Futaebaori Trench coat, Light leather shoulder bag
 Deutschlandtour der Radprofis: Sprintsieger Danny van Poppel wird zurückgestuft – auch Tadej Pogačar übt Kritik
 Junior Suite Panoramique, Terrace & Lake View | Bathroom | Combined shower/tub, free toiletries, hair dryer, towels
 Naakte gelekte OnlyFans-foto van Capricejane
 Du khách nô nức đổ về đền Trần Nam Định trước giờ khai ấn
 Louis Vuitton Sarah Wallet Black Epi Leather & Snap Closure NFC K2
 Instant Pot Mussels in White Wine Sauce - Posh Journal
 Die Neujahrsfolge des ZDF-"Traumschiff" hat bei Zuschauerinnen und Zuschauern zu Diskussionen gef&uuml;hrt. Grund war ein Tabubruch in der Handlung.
---
### ABOUT THIS TASK
Copy out the lines from the line containing "Louis Vuitton Sarah" to the end of the listing above, without alteration.

### RESPONSE AREA
 Louis Vuitton Sarah Wallet Black Epi Leather & Snap Closure NFC K2
 Instant Pot Mussels in White Wine Sauce - Posh Journal
 Die Neujahrsfolge des ZDF-"Traumschiff" hat bei Zuschauerinnen und Zuschauern zu Diskussionen gef&uuml;hrt. Grund war ein Tabubruch in der Handlung.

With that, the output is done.